Stickney, as an unsecured creditor, was entitled to no more than his proportionate share of his bankrupt debtor's property.
 "That `the theme of the Bankruptcy Act is equality of distribution' is a fundamental and long recognized principle." 3 Collier on Bankruptcy (14th ed.) 741. This action is nothing more than an attempt to circumvent the requirements of that act, and to obtain payment of a debt in full at the expense of the other creditors of the bankrupt. The court was without jurisdiction to grant such relief.
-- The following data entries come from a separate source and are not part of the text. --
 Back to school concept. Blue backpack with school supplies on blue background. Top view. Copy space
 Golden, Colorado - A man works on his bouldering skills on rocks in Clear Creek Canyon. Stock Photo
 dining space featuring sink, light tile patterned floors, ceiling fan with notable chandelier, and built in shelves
Its lack of jurisdiction was acknowledged in an order which the court entered June 1, 1957, which provided:
"It is further ordered that any cause of action which the plaintiffs may have against Harold Edwin Kerry and the community of Harold Edwin Kerry and Ruth B. Kerry, his wife, accruing prior to October 2, 1953, is hereby dismissed."
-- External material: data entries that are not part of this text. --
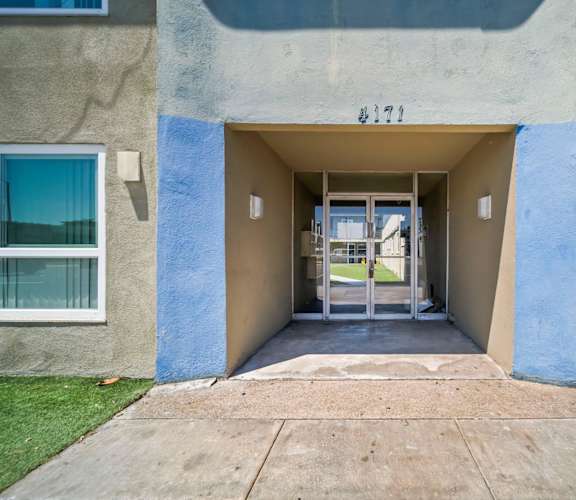 The entrance to apartment 327 is shown with a glass door and a small window on the left.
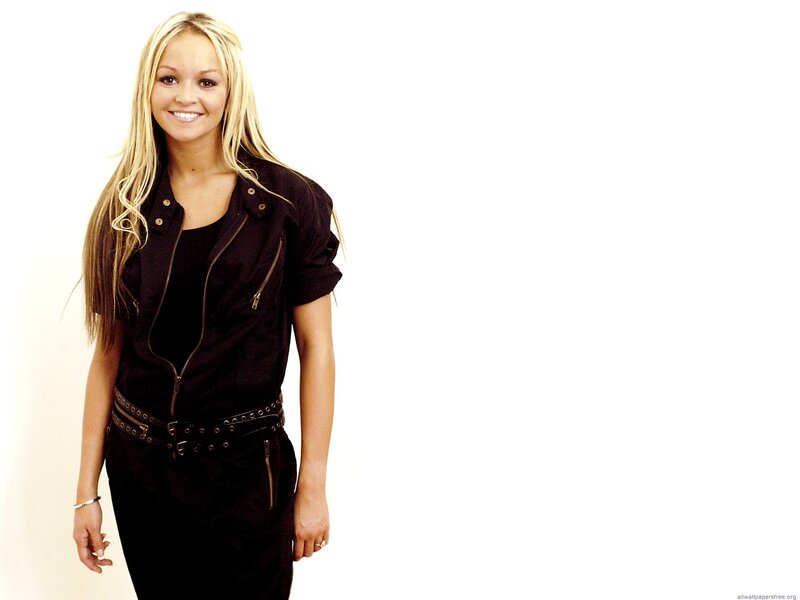 woman in black outfit smiling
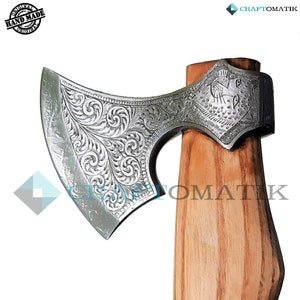 May include: A silver axe with an intricate floral design and a wooden handle. The axe head has a wolf design on the back.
Jan. 1960] STICKNEY v. KERRY. 539
This was itself a recognition by the court that payment of pre-existing debts of the bankrupt was a matter solely within the jurisdiction of the Federal court. Nevertheless it proceeded to enter judgment in favor of Stickney. But the only theory on which that judgment was entered, was that equitably he was entitled to payment of his debt out of Kerry's partnership interest, as that interest was determined in the accounting. If there was such a right, its origin antedated the petition in bankruptcy. Neither the pleadings nor the evidence reveals any cause of action accruing subsequent to October 2, 1953. It is not contended that there was ever a new promise to pay the debt on the part of either the debtor or his wife, who is the only defendant in this action; and there is nothing in the record which would tend to support such a contention.
The judgment is reversed and the action dismissed.
WEAVER, C. J., HILL, and HUNTER, JJ., concur.
MALLERY, J., dissents.
March 16, 1960. Petition for rehearing denied., Principal=Harold Edwin Kerry Jr.